Assignment: Output each entry verbatim. Leave the images out.

(Record set Opens)

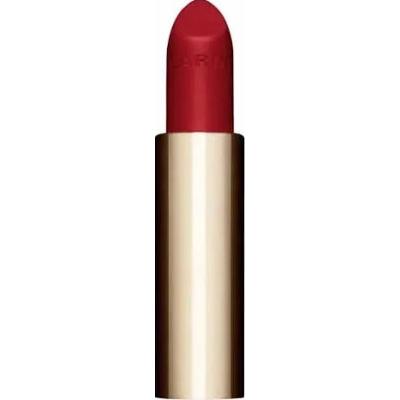 Clarins Joli Rouge Velvet 793 Czerwony Cranberry Wkład 3,5 g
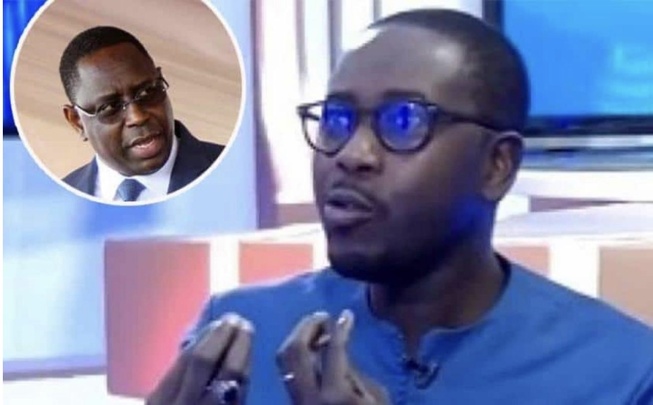 Loi d'amnistie : Pape Alé Niang prend Macky Sall au mot et exige la vérité pour les victimes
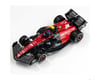 Image 5 for AFX Alfa Romeo 2023 F1 FY-24 HO Scale Slot Car (Black/Red) (LWB) (Mega G+)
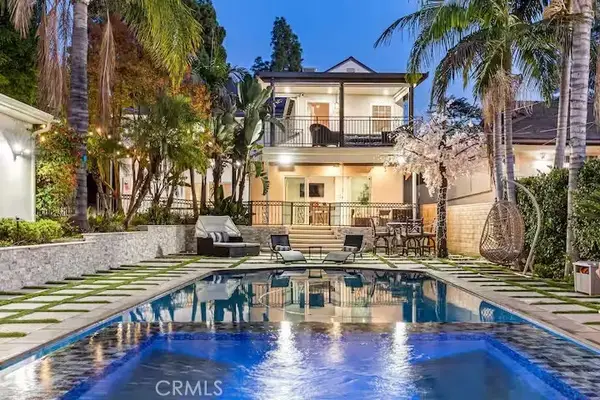 1617 Thurber, Burbank, CA 91501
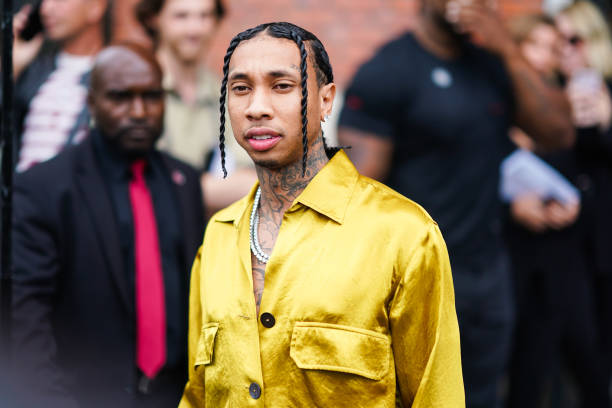 Gallery of Tyga (Michael Nguyen-Stevenson)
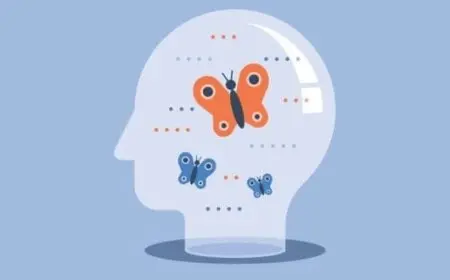 سمات الشخصية الحساسة في علم النفس وعلاجها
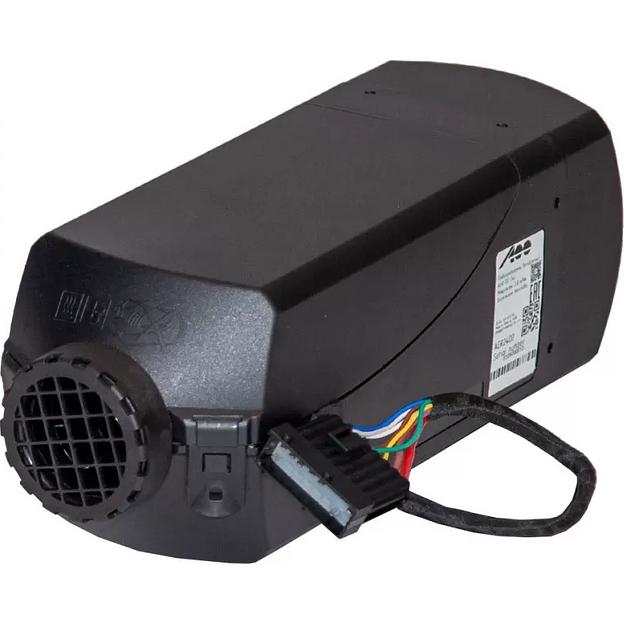 Воздушный отопитель A100 AER D2, 12В фото 1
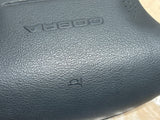 2003-04 Ford Mustang SVT Cobra Dark Charcoal  Steering  Wheel Cover 270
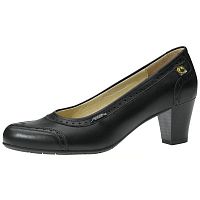 Stewardess flight attendant shoes 020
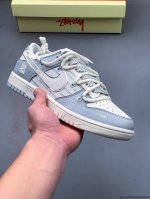 Nike Dunk Sb Low Nike Low-Top Skateboard Shoes Pure Original Production Line! Th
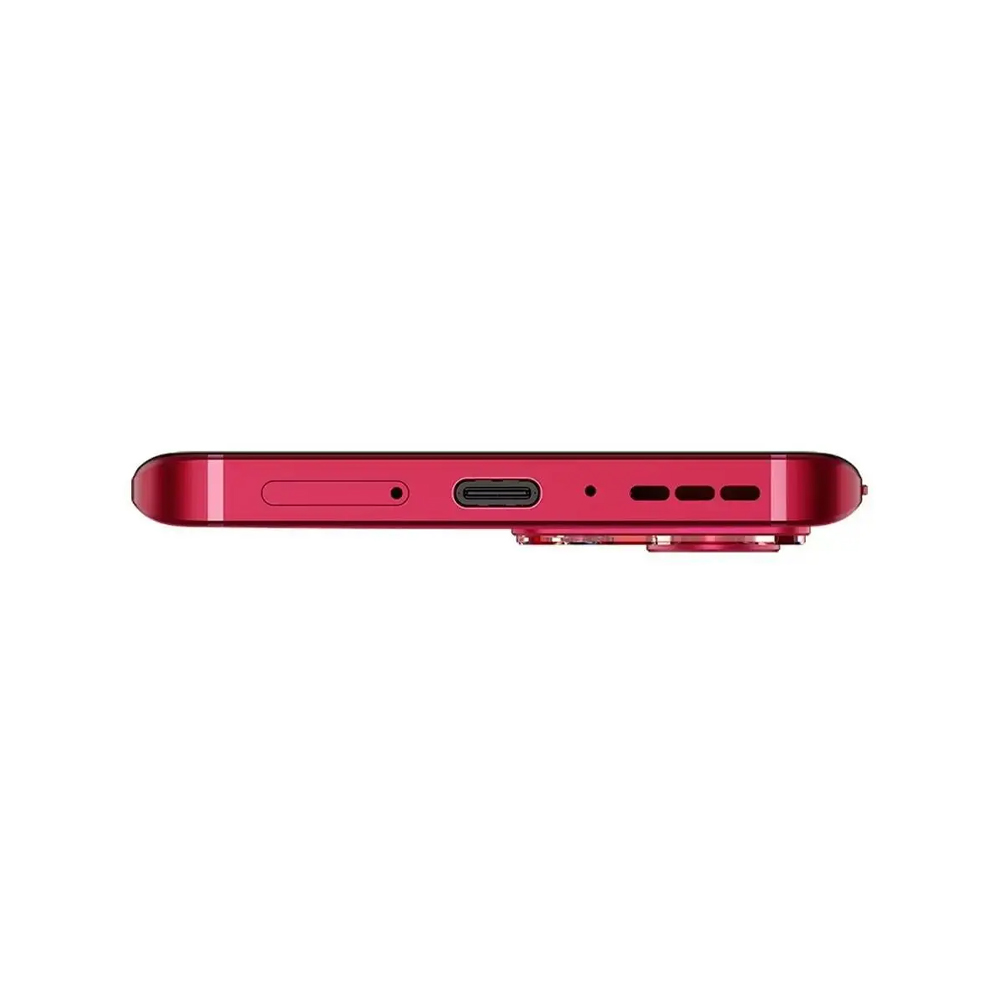 Motorola Edge 30 Fusion 5G 256GB - Vermelho image number 5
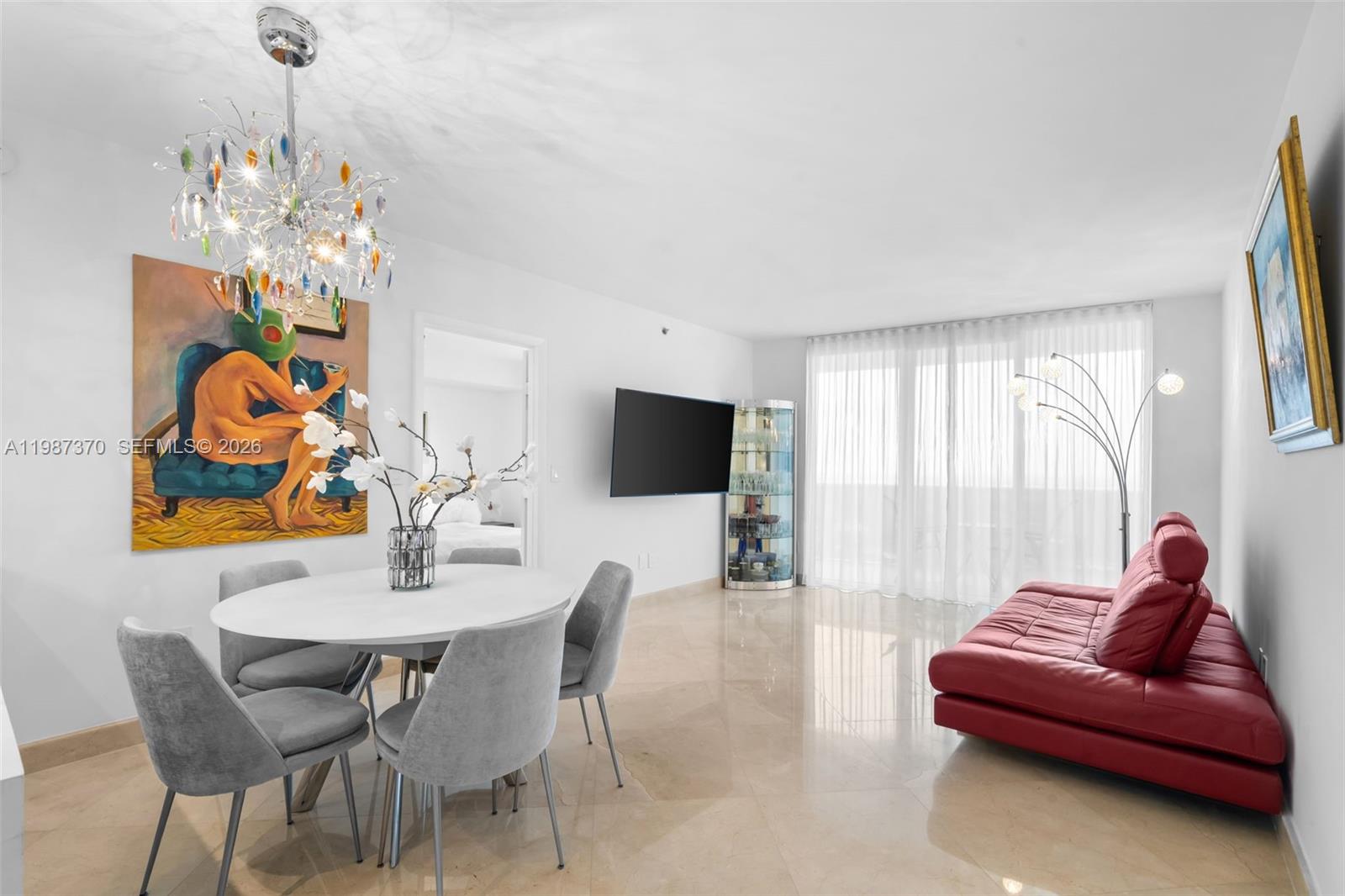 Beach Club Condo
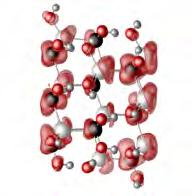 67 tem maiores contribuições do p dos átomos de O, p dos átomo de P e p dos átomos de In, como mostrado na figura 4.21b.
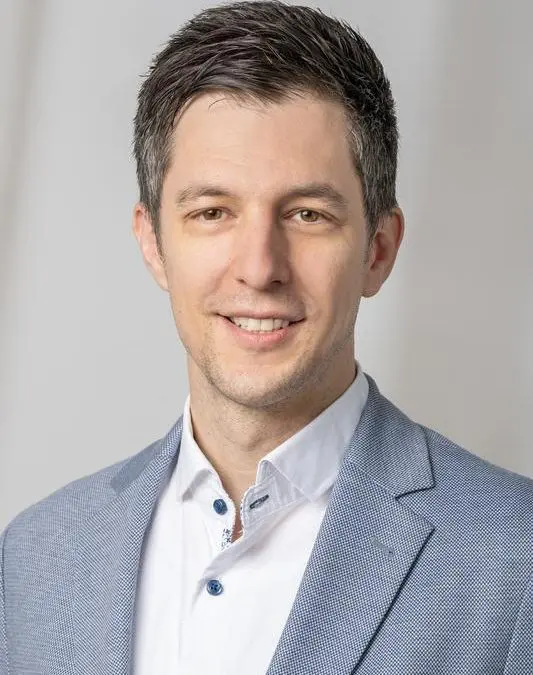 Mathias Munschauer takes over as Head of Molecular Virology at Heidelberg University Hospital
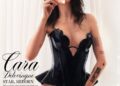 Cara Delevingne faz história como a primeira mulher assumidamente lésbica a estrelar capa da revista Playboy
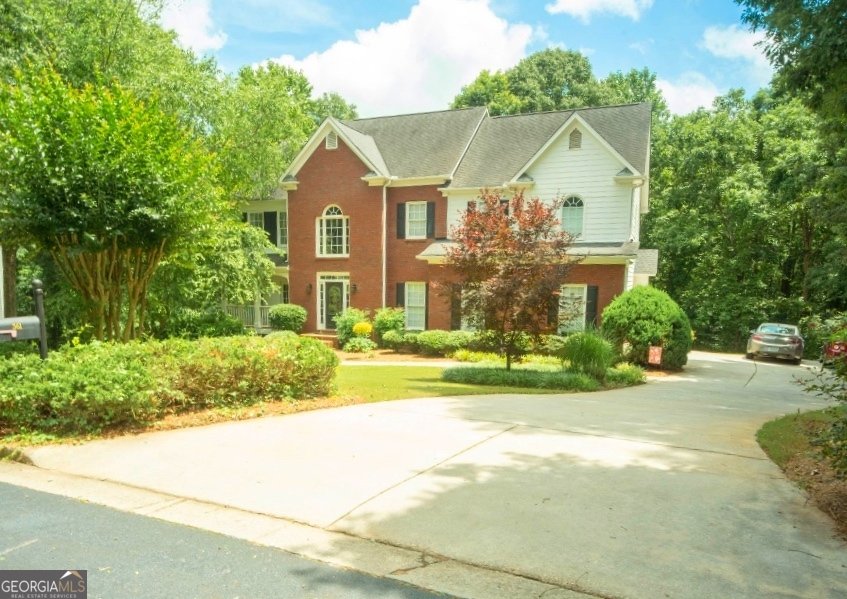 361 Fairway Circle Monroe - 2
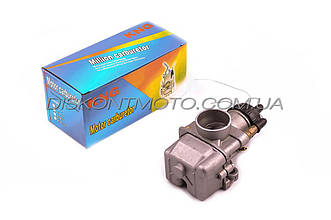 Карбюратор К68І ЙЖ ПЛАНЕТА (круглий) (orange box) KNG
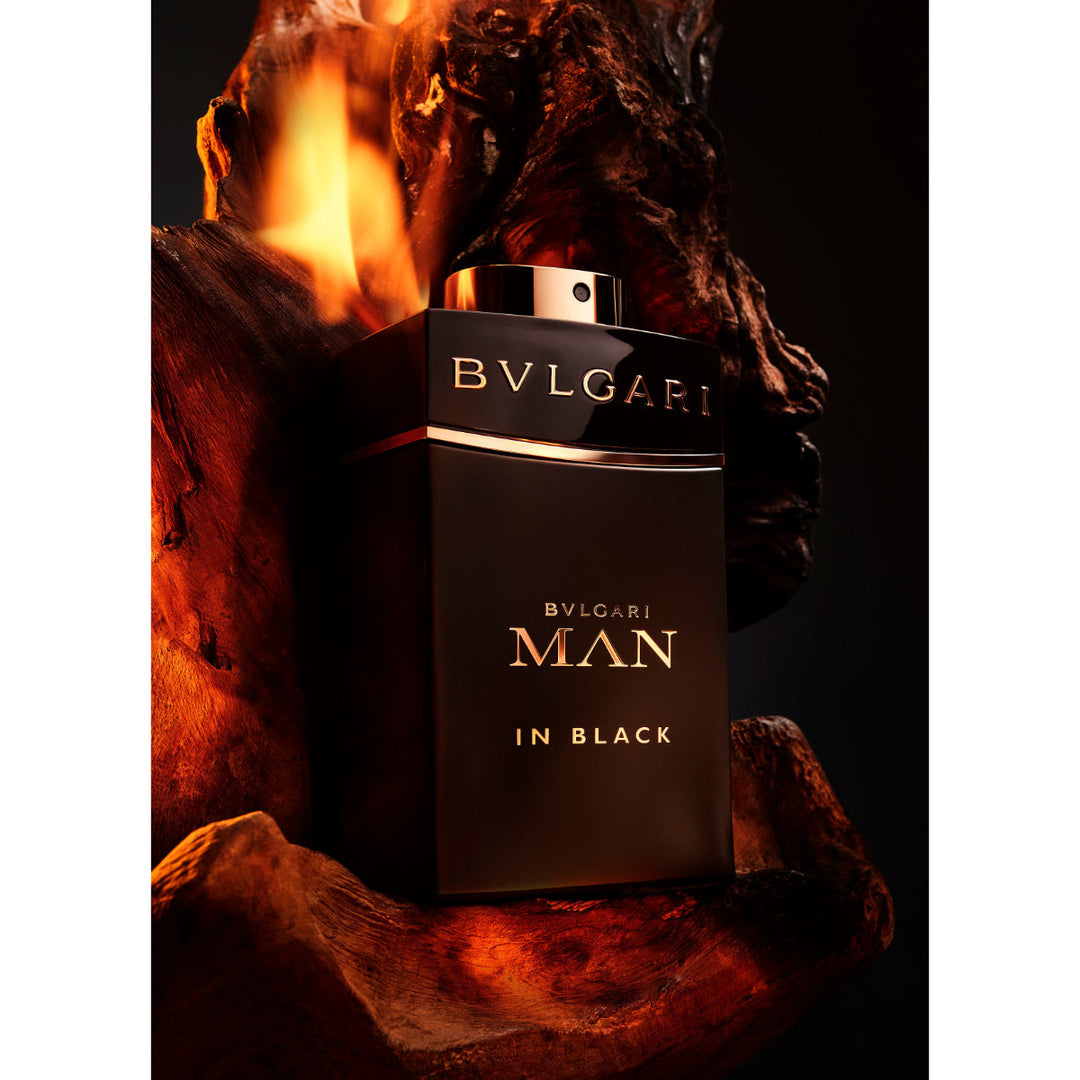 Bvlgari Man In Black Eau de Parfum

(Record set Closes)

Exercise answer:
 Clarins Joli Rouge Velvet 793 Czerwony Cranberry Wkład 3,5 g
 Loi d'amnistie : Pape Alé Niang prend Macky Sall au mot et exige la vérité pour les victimes
 Image 5 for AFX Alfa Romeo 2023 F1 FY-24 HO Scale Slot Car (Black/Red) (LWB) (Mega G+)
 1617 Thurber, Burbank, CA 91501
 Gallery of Tyga (Michael Nguyen-Stevenson)
 سمات الشخصية الحساسة في علم النفس وعلاجها
 Воздушный отопитель A100 AER D2, 12В фото 1
 2003-04 Ford Mustang SVT Cobra Dark Charcoal  Steering  Wheel Cover 270
 Stewardess flight attendant shoes 020
 Nike Dunk Sb Low Nike Low-Top Skateboard Shoes Pure Original Production Line! Th
 Motorola Edge 30 Fusion 5G 256GB - Vermelho image number 5
 Beach Club Condo
 67 tem maiores contribuições do p dos átomos de O, p dos átomo de P e p dos átomos de In, como mostrado na figura 4.21b.
 Mathias Munschauer takes over as Head of Molecular Virology at Heidelberg University Hospital
 Cara Delevingne faz história como a primeira mulher assumidamente lésbica a estrelar capa da revista Playboy
 361 Fairway Circle Monroe - 2
 Карбюратор К68І ЙЖ ПЛАНЕТА (круглий) (orange box) KNG
 Bvlgari Man In Black Eau de Parfum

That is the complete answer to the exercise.